## PROBLEM REQUIREMENTS
All of the data that follows should be retyped exactly, please, except the pictures.

## GIVEN ENTRIES
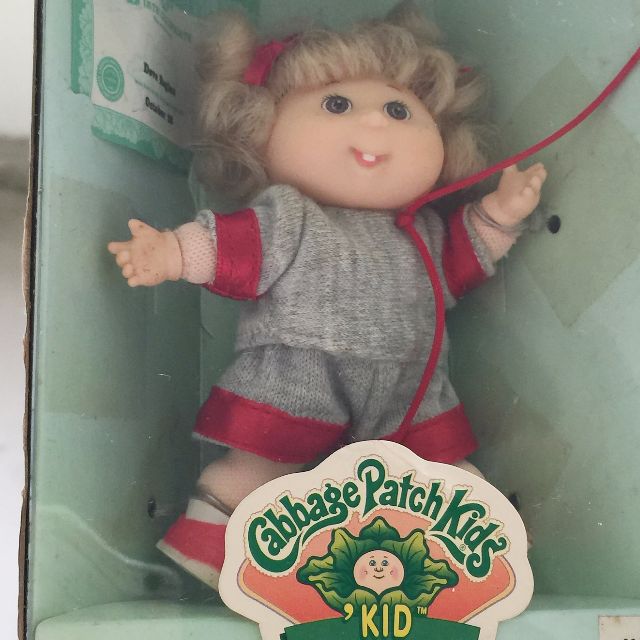 1997 cabbage 2024 patch doll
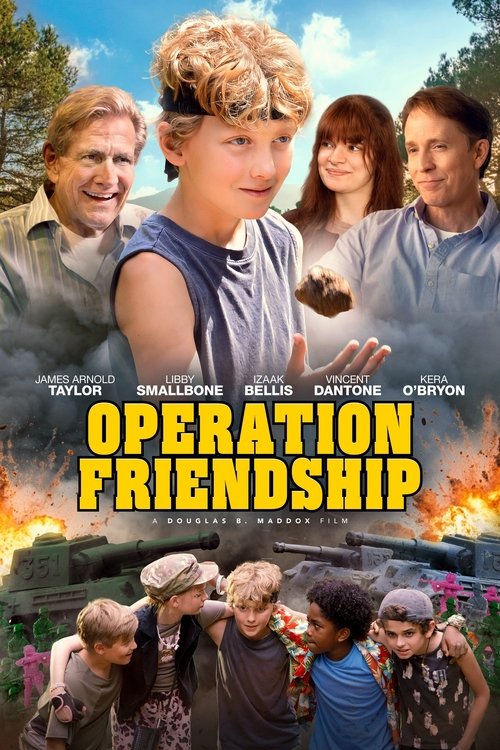 Постер фильма «Operation Friendship»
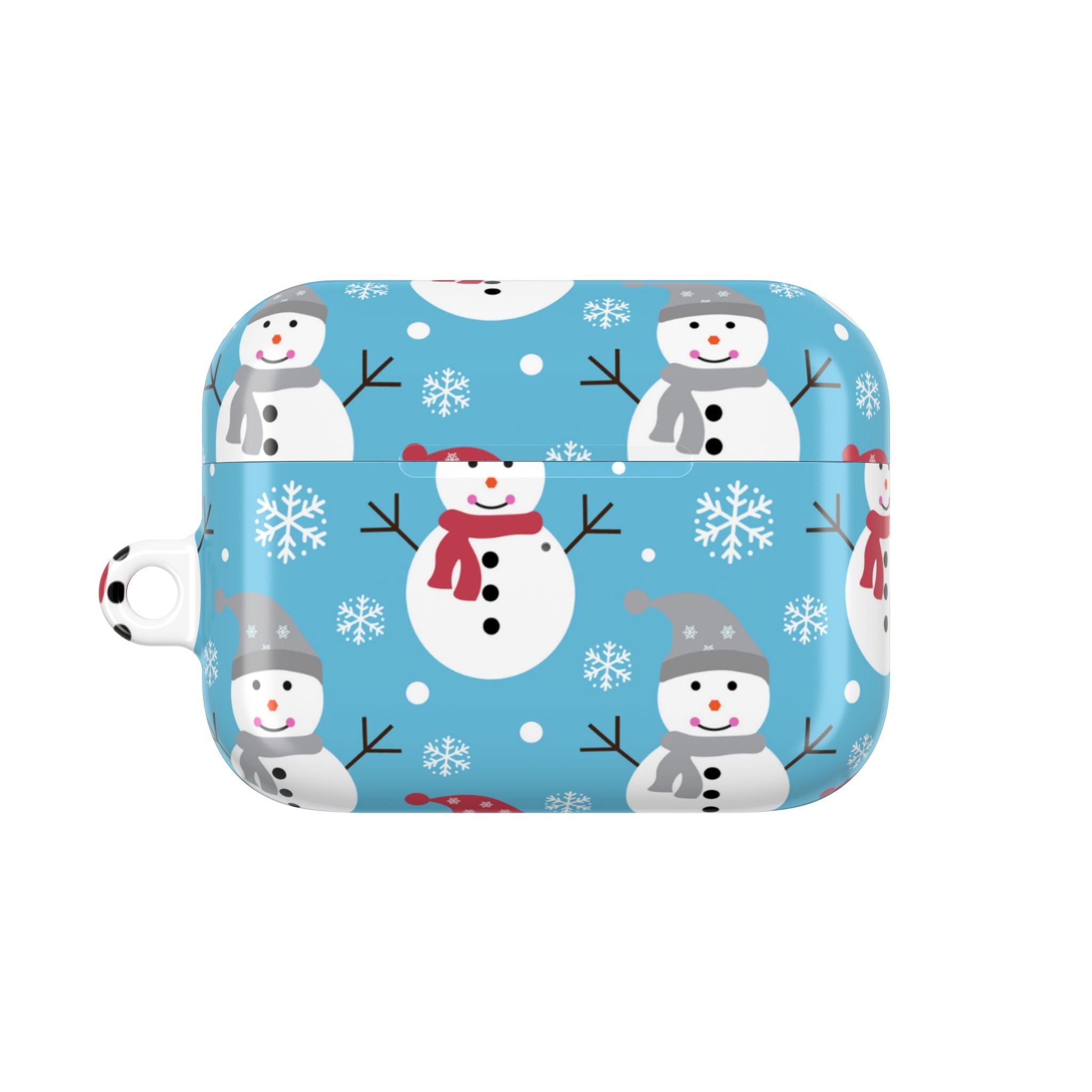 Snowman Glow - AirPods Case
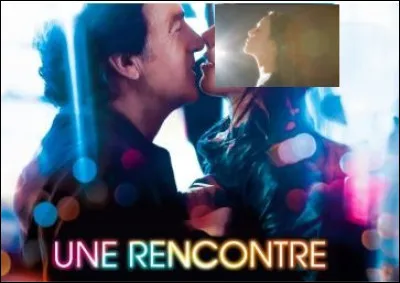 Quelle actrice est Elsa dans le film "Une rencontre" ?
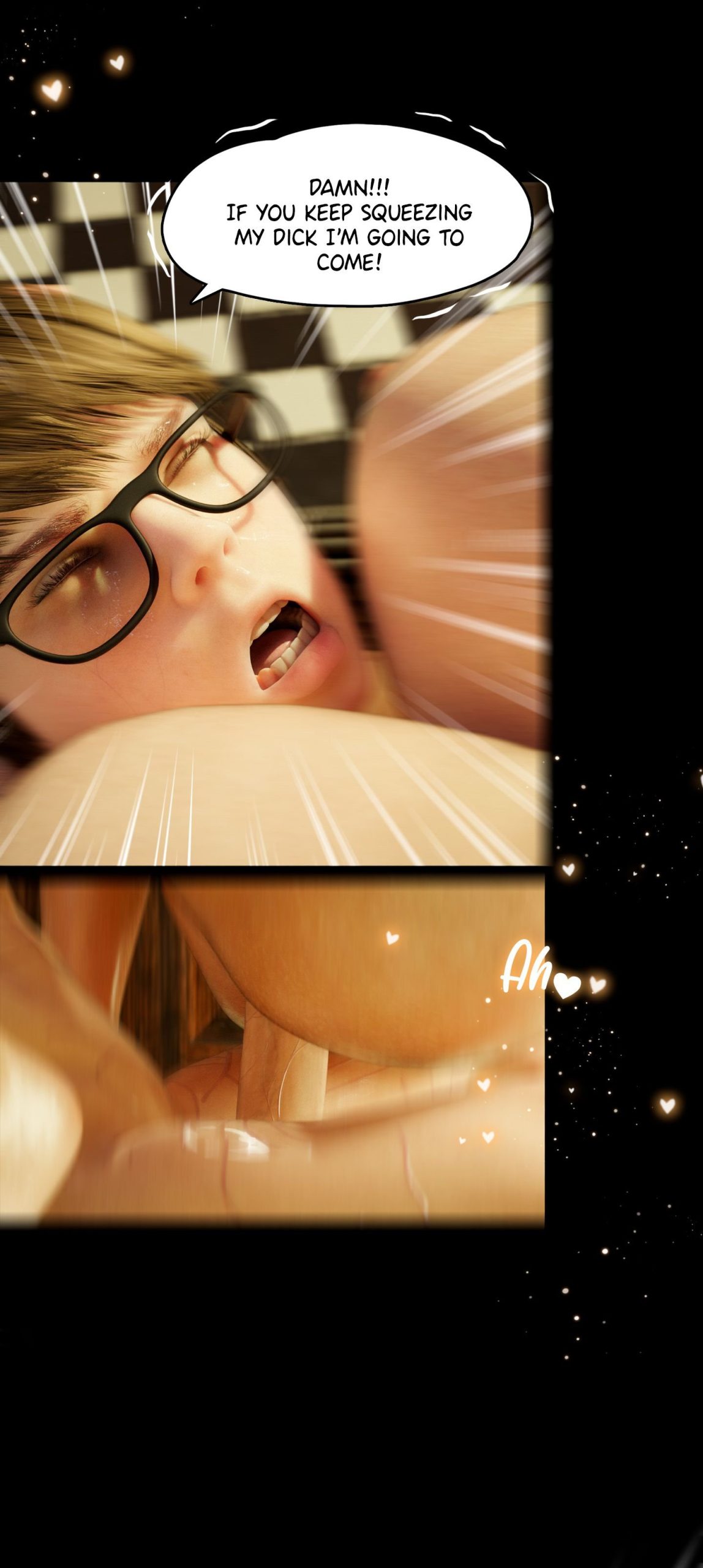 My Neighbor’s Widow - ch. 10-17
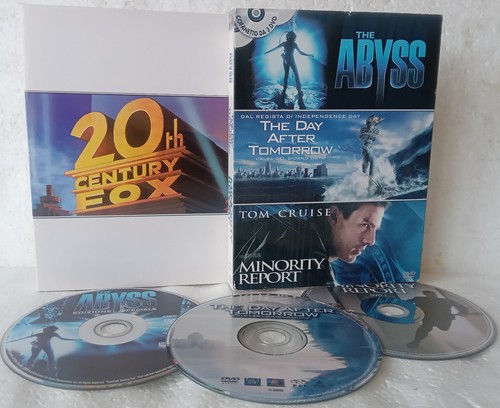 The abyss day after - the,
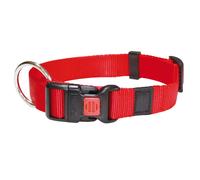 Karlie Art Sportiv Plus collier Mix and Match, couleur:rouge, taille:20 - 35 cm x 10 mm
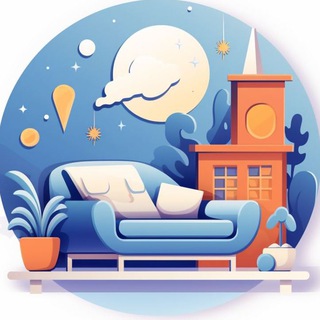 Telegram profile photo for УЮТ СВОИМИ РУКАМИ | Дизайн и Декор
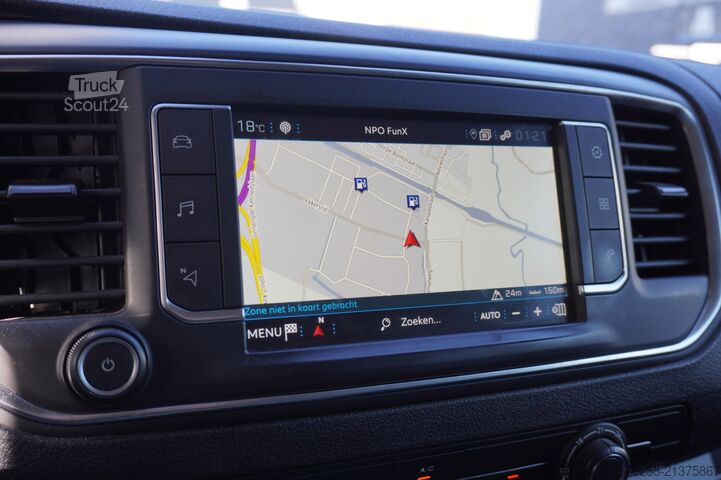 Duba panelată Peugeot Expert 2.0 BlueHDI 123PK L2 EURO 6 - Airco - Na...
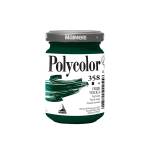 Colore vinilico Polycolor 140 ml verde vescica - 24622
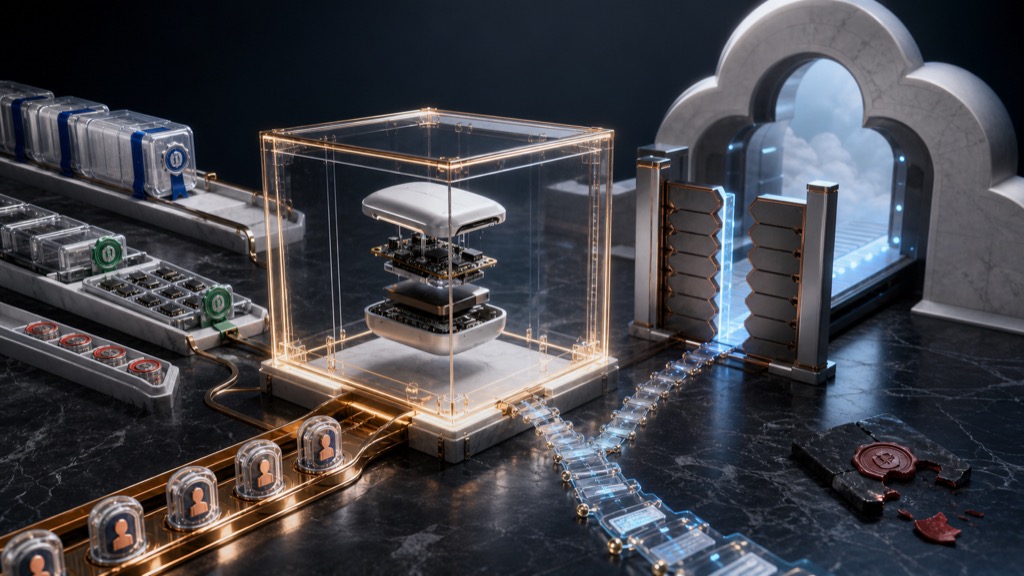 The Apple-OpenAI Lawsuit Makes AI Hardware a Provenance Problem visual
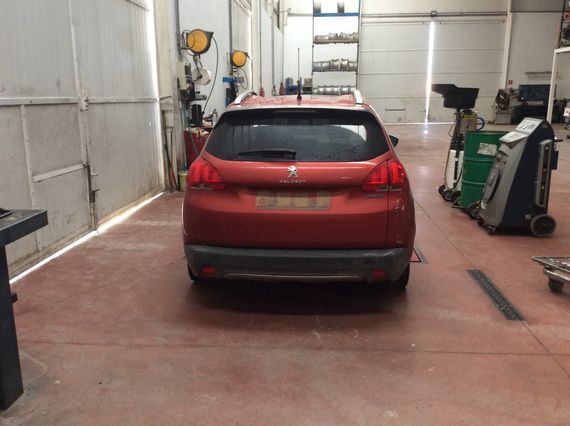 DESPIECE PEUGEOT 2008 - Imagen 2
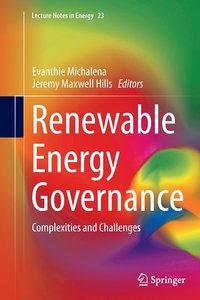 bokomslag Renewable Energy Governance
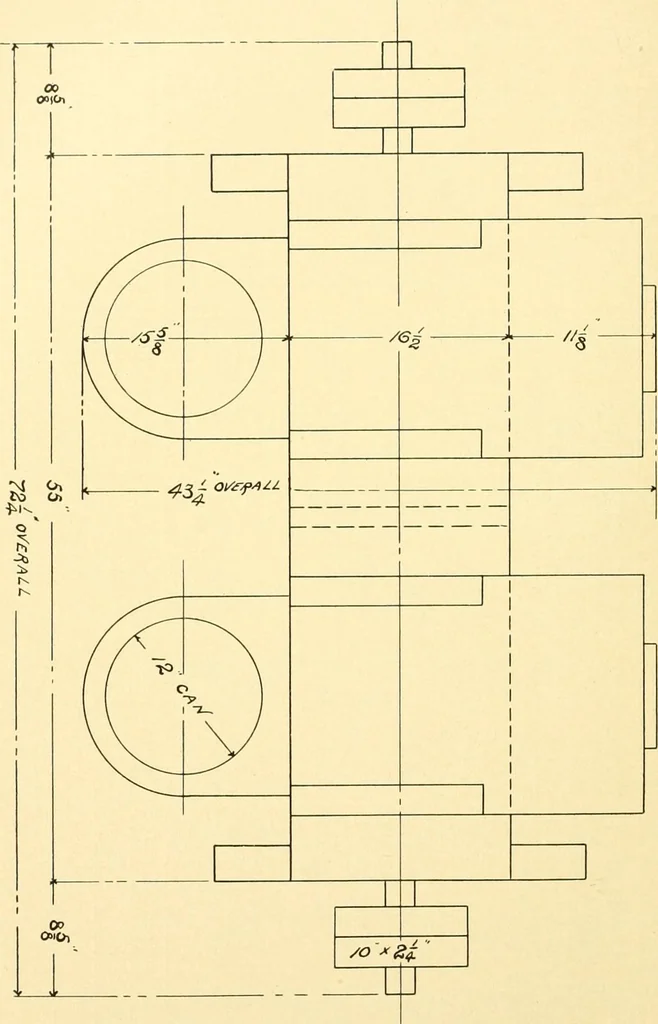 An illustration from The Mason Machine Works, Taunton, Massachusetts, U.S.A., inventors and builders of cotton machinery : Founded 1842 ; Incorporated 1873 ; [Catalogue], 1898, leaf 61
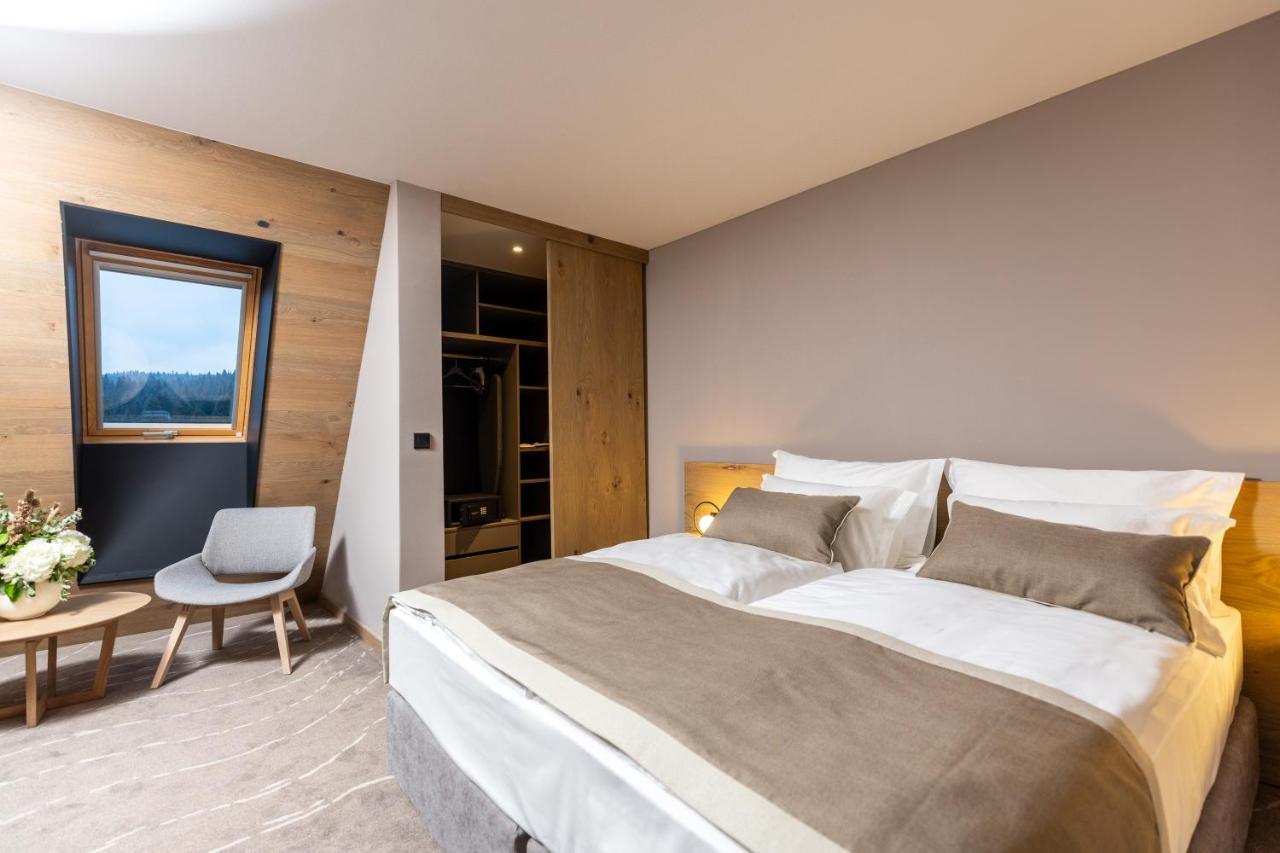 Hotel Monti Spa&Wellness Hadžići Esterno foto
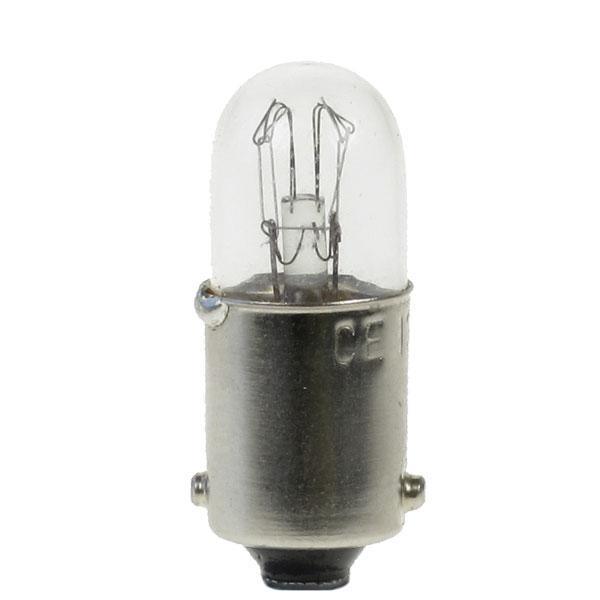 Plain White Box FL-CP-BT23/12/3 - Currently Unassigned Torch Bulbs and Panel Lamps 9mm x 23mm 12V 250MA 3W Ba9s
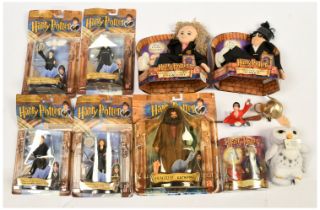 Mattel & others Harry Potter Collection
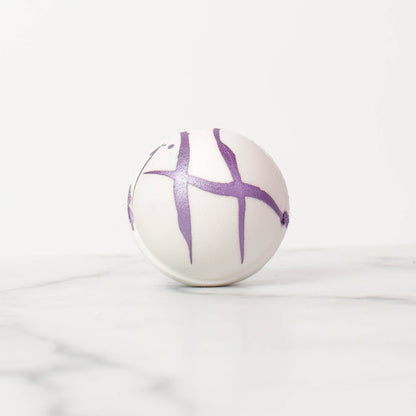 Mad Sass Soap Co - Lavender - Bath Bomb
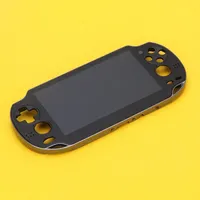 NEW Original LCD Screen oled Display Screen For PSVITA1000 PS VITA 1000 VITA1000 LCD Display + Touch + Frame Full Assembly
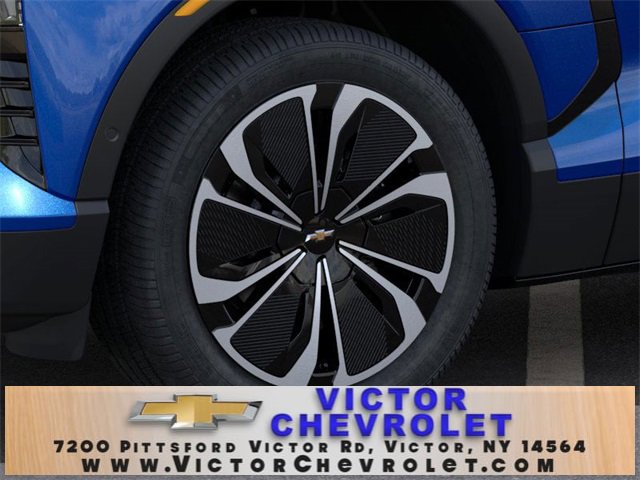 New 2026 Chevrolet Blazer EV LT image 9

## REPLY TO THE EXERCISE
 1997 cabbage 2024 patch doll
 Постер фильма «Operation Friendship»
 Snowman Glow - AirPods Case
 Quelle actrice est Elsa dans le film "Une rencontre" ?
 My Neighbor’s Widow - ch. 10-17
 The abyss day after - the,
 Karlie Art Sportiv Plus collier Mix and Match, couleur:rouge, taille:20 - 35 cm x 10 mm
 Telegram profile photo for УЮТ СВОИМИ РУКАМИ | Дизайн и Декор
 Duba panelată Peugeot Expert 2.0 BlueHDI 123PK L2 EURO 6 - Airco - Na...
 Colore vinilico Polycolor 140 ml verde vescica - 24622
 The Apple-OpenAI Lawsuit Makes AI Hardware a Provenance Problem visual
 DESPIECE PEUGEOT 2008 - Imagen 2
 bokomslag Renewable Energy Governance
 An illustration from The Mason Machine Works, Taunton, Massachusetts, U.S.A., inventors and builders of cotton machinery : Founded 1842 ; Incorporated 1873 ; [Catalogue], 1898, leaf 61
 Hotel Monti Spa&Wellness Hadžići Esterno foto
 Plain White Box FL-CP-BT23/12/3 - Currently Unassigned Torch Bulbs and Panel Lamps 9mm x 23mm 12V 250MA 3W Ba9s
 Mattel & others Harry Potter Collection
 Mad Sass Soap Co - Lavender - Bath Bomb
 NEW Original LCD Screen oled Display Screen For PSVITA1000 PS VITA 1000 VITA1000 LCD Display + Touch + Frame Full Assembly
 New 2026 Chevrolet Blazer EV LT image 9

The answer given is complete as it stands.